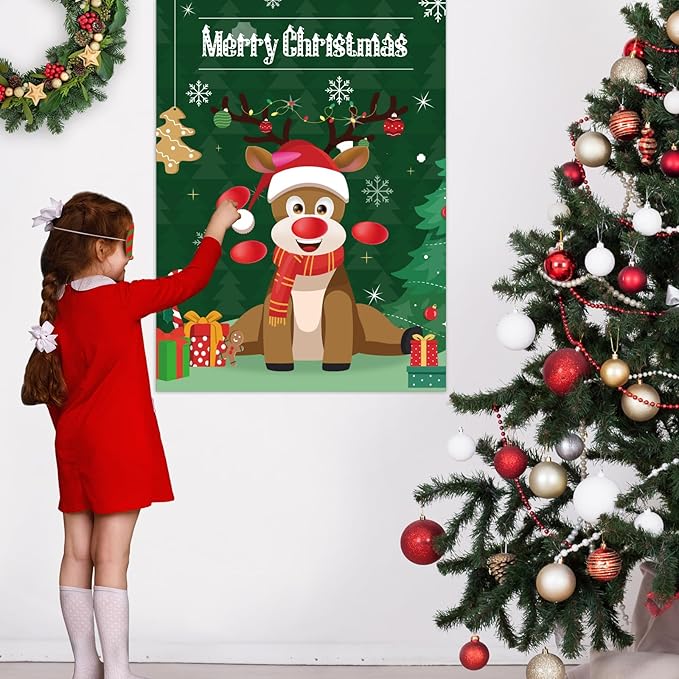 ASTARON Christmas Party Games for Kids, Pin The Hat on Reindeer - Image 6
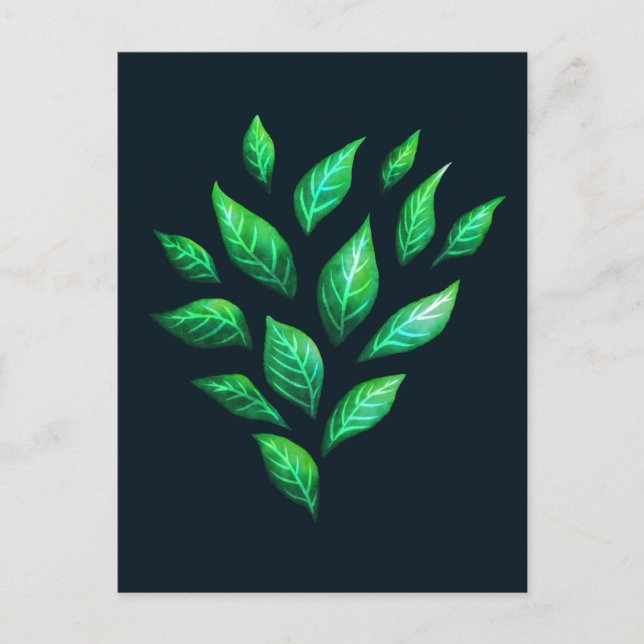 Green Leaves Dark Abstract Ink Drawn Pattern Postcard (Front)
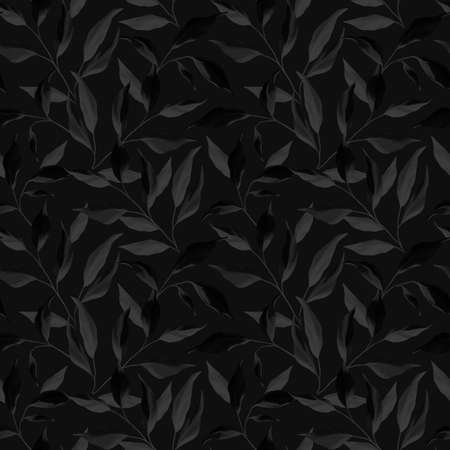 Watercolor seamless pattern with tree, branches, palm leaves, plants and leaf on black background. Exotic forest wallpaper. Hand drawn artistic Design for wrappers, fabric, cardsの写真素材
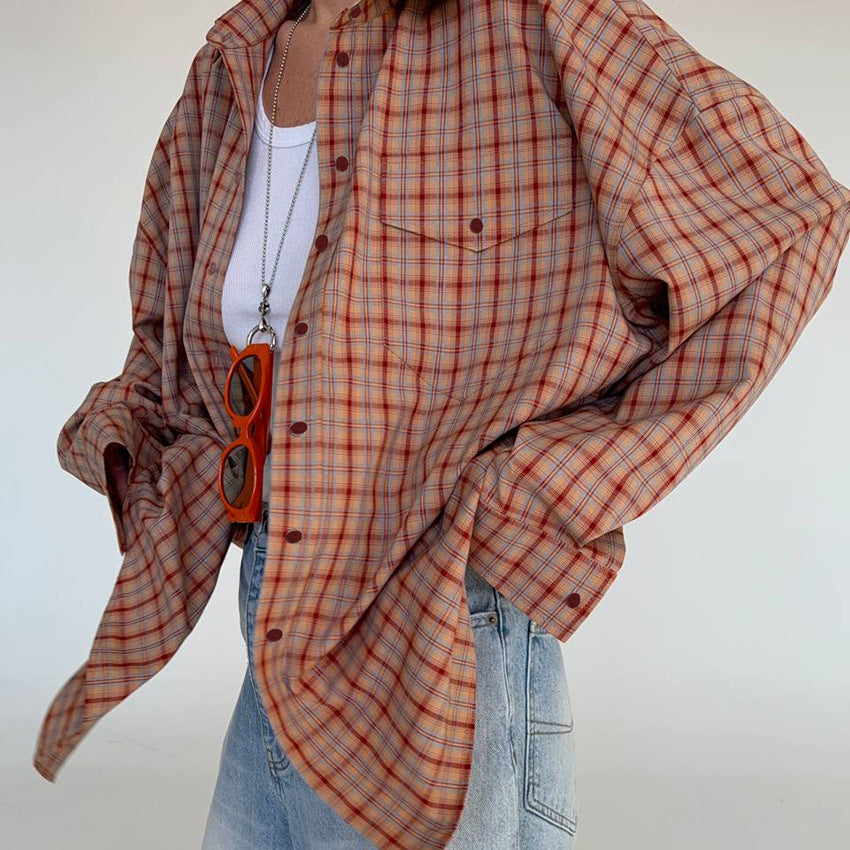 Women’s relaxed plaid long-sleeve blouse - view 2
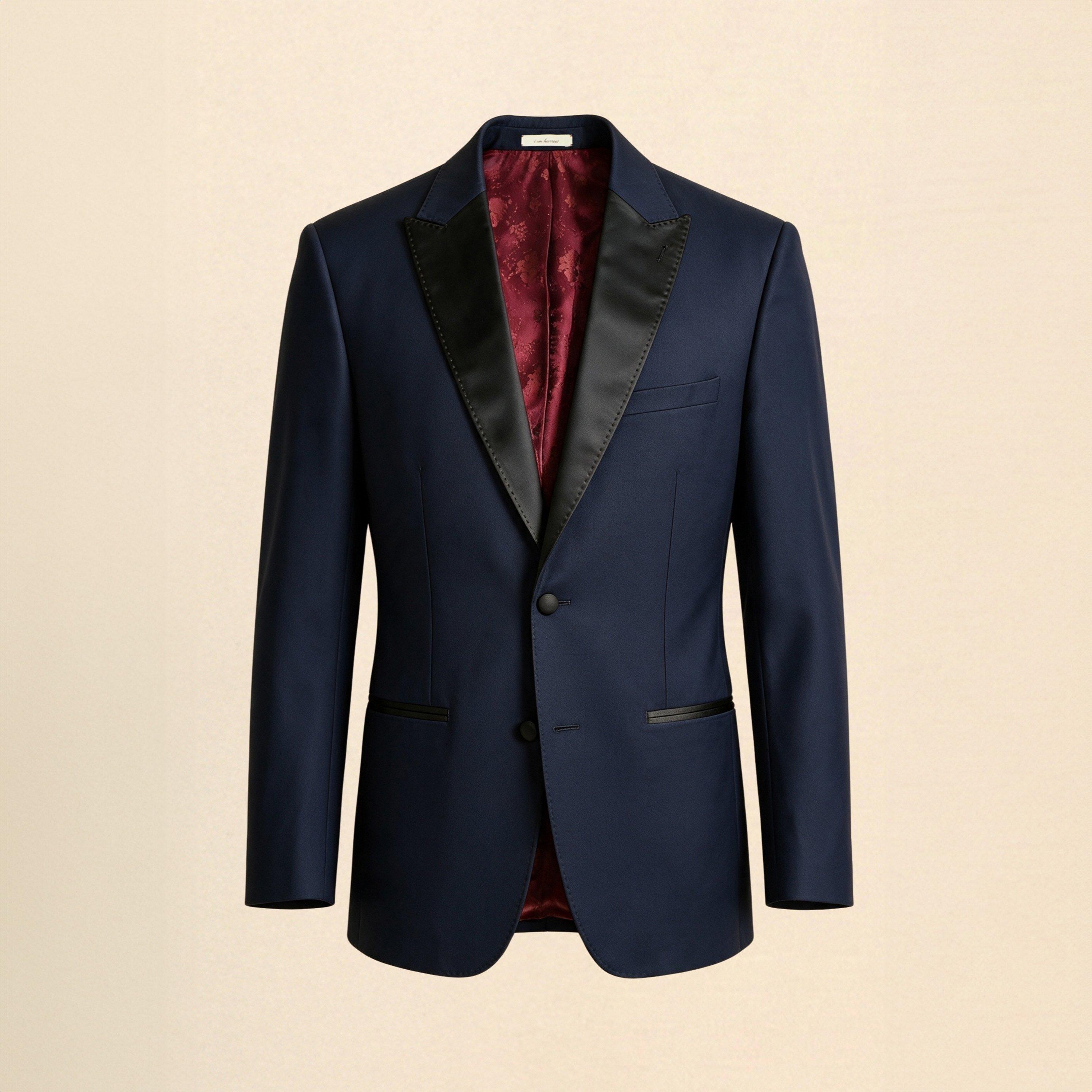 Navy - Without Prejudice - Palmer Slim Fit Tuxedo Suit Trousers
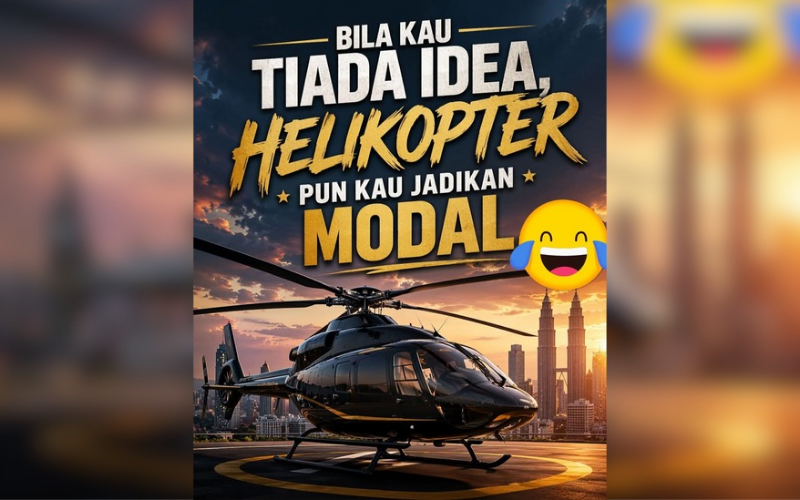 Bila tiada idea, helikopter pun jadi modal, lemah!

☆ ☆ ☆ ☆ ☆

Exercise objective |
For this task, give the full listing again verbatim and keep out every picture.

Exercise output |
 ASTARON Christmas Party Games for Kids, Pin The Hat on Reindeer - Image 6
 Green Leaves Dark Abstract Ink Drawn Pattern Postcard (Front)
 Watercolor seamless pattern with tree, branches, palm leaves, plants and leaf on black background. Exotic forest wallpaper. Hand drawn artistic Design for wrappers, fabric, cardsの写真素材
 Women’s relaxed plaid long-sleeve blouse - view 2
 Navy - Without Prejudice - Palmer Slim Fit Tuxedo Suit Trousers
 Bila tiada idea, helikopter pun jadi modal, lemah!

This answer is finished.